I COSTI. Peccato che il Governo della Confederazione non sostenga la proposta: si teme, infatti, che il reddito di base possa disincentivare la ricerca di un'occupazione, e che aumenti a dismisura la spesa dello Stato per il sociale. In effetti, le risorse che diventerebbero necessarie nel caso in cui il referendum passi con il sì sarebbero enormi: servirebbero ben 208 miliardi di franchi, un terzo del Pil svizzero, per garantire il sostegno a tutti i cittadini; comunque, tale calcolo non tiene conto dei sussidi assistenziali dei quali gli svizzeri già godono, e la somma necessaria potrebbe ridursi fino ai 18 miliardi. Denaro che, comunque, si ricaverebbe aumentando la tassazione, in particolare le imposte dirette e l'Iva.

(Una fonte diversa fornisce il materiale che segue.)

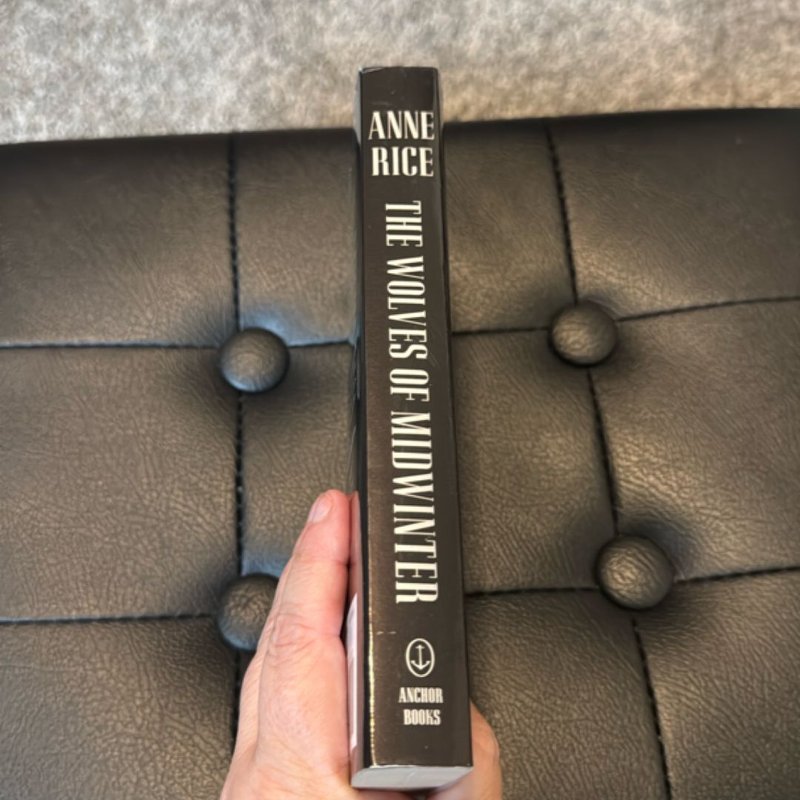 The Wolves of Midwinter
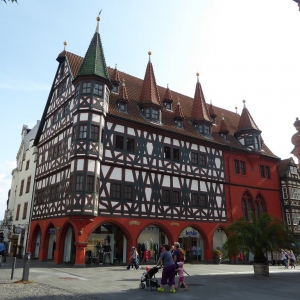 Fulda: Altes Rathaus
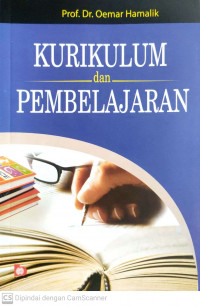 Kurikulum dan pembelajaran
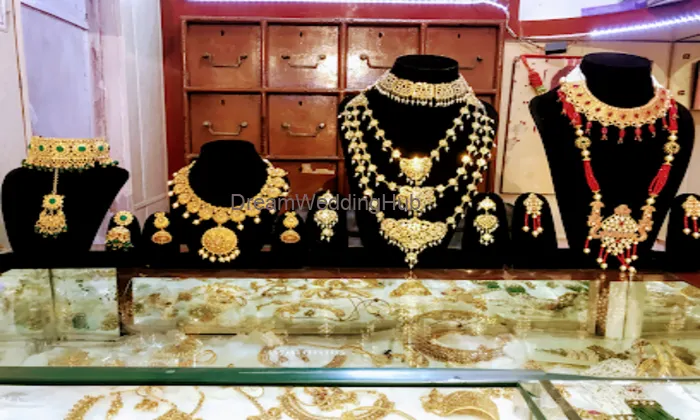 Shyam Abhushan Bhandar- Jewellery Shop In Shahjahanpur| Artificial Bridal Jewelery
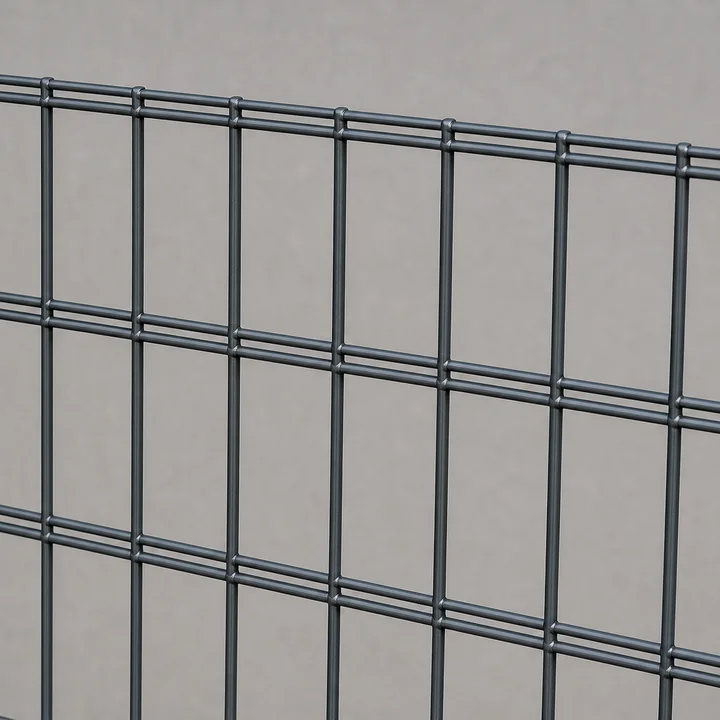 Double wire fence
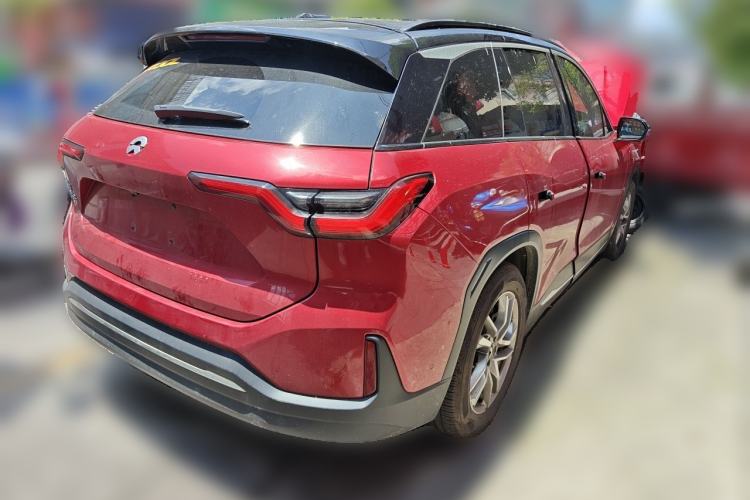 Used Nio ES6 2019 430 km Performance Version Rear Right 45 Deg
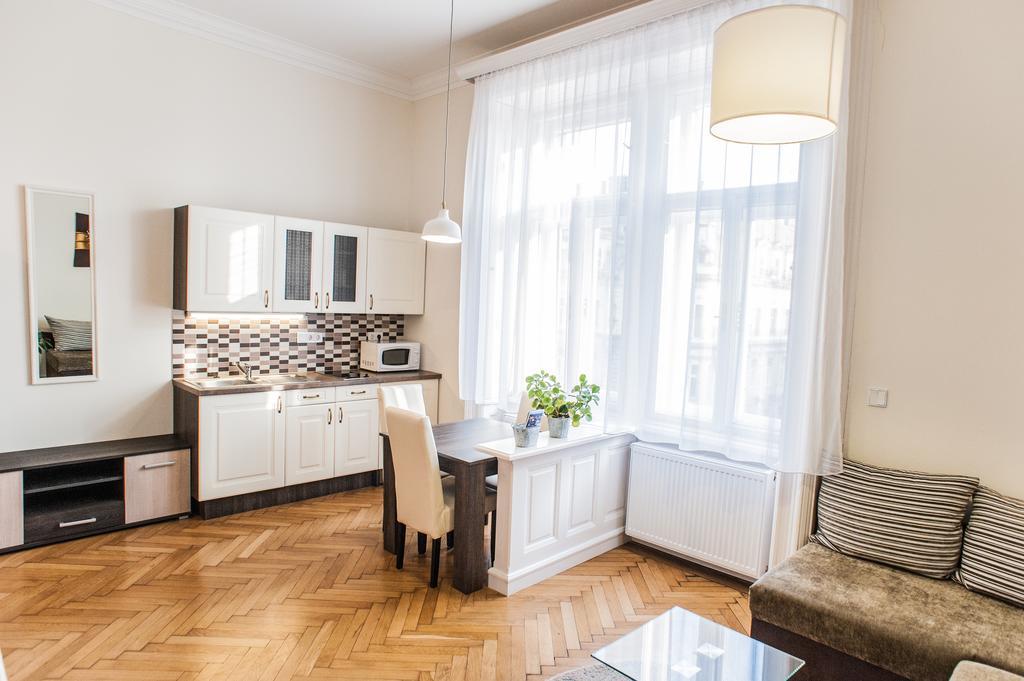 All In Apartman Budapeşte Oda fotoğraf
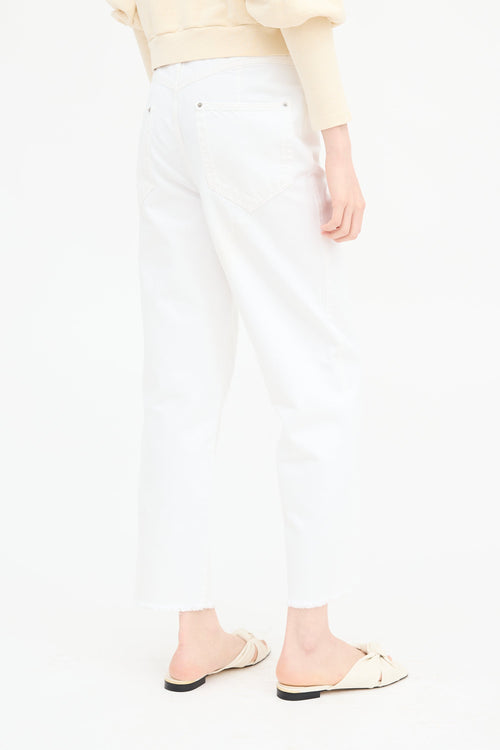 Isabel Marant High Waist Jeans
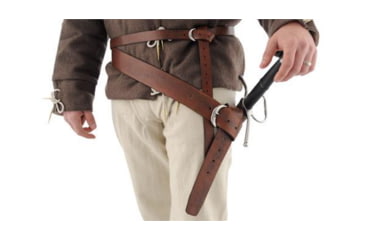 Image of Paul Chen Broad Sword Belt, Left Hand PC2452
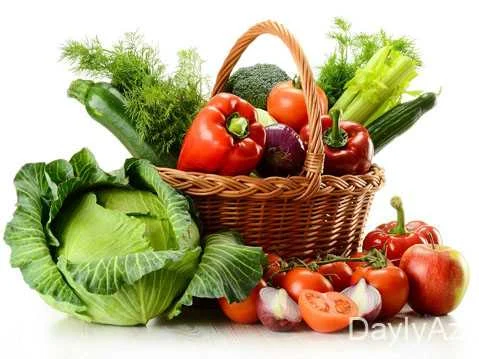 Düzgün Qidalanma Nədir? Sağlam Qidalanma Qaydaları və Faydaları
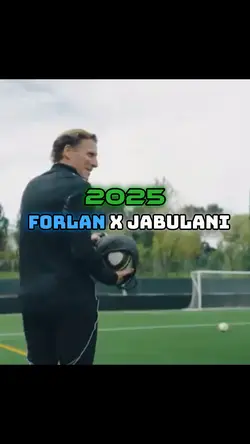 Diego Forlan in 2010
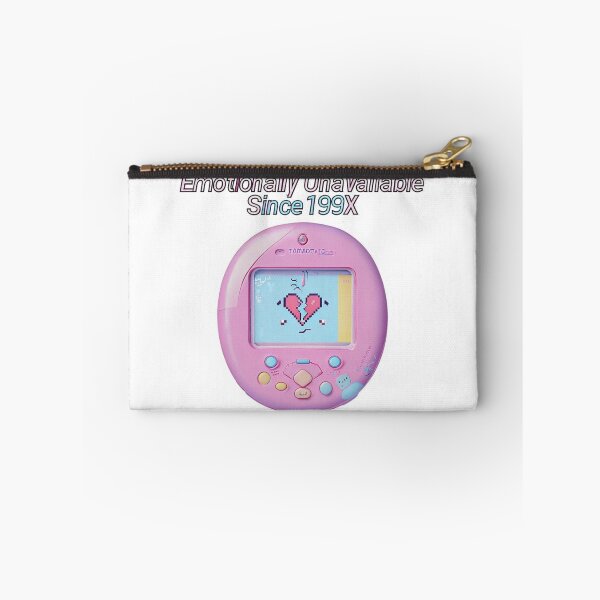 Item preview, Emotionally Unavailable Since 199X – Tamagotchi Breakdown Reloaded Amalgamation Grad Legacy designed and sold by Imaginarium of Chaos falcon88 .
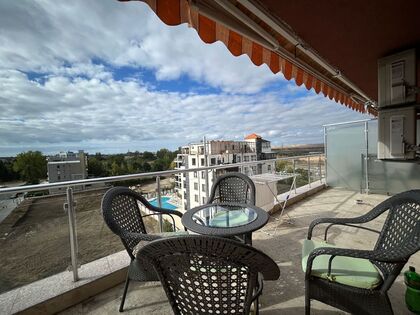 Купить ID7547 Просторная двухкомнатная квартира в жилом комплексе Тарсис Нова в Болгарии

IL REFERENDUM. I promotori del referendum sul Rib non hanno mancato di sottolinearne anche i vantaggi: ottenere uno stipendio incondizionato significherebbe eliminare la povertà in Svizzera ed emancipare i cittadini bisognosi dall'assistenza sociale, dando un'importante spinta all'auto-imprenditorialità e all'iniziativa in campo industriale, nella formazione e nel volontariato, oltre, appunto, ad intervenire per risolvere il problema della disoccupazione. Le forze politiche a sostegno della proposta sono di ogni colore, e non solo partitiche. In particolare, la questione è stata presa a cuore da Daniel Hani, imprenditore e regista svizzero, che l'ha promossa attraverso il documentario Il reddito di base, un impulso culturale ; sostegno è arrivato anche a livello internazionale, per eseempio dal Ministro greco della Finanza Yanis Varoufakis e dall'economista statunitense Robert Reich. Le premesse, dunque, sono buone; ma le proiezioni fanno stimare una bocciatura del referendum, a quanto risulta dai sondaggi divulgati dalla stampa svizzera. Il 40% degli intervistati si è comunque dichiarato a favore del Rib, e solo il 2% dei cittadini ha manifestato l'intenzione di "approfittare" di tale reddito per abbandonare il proprio impiego.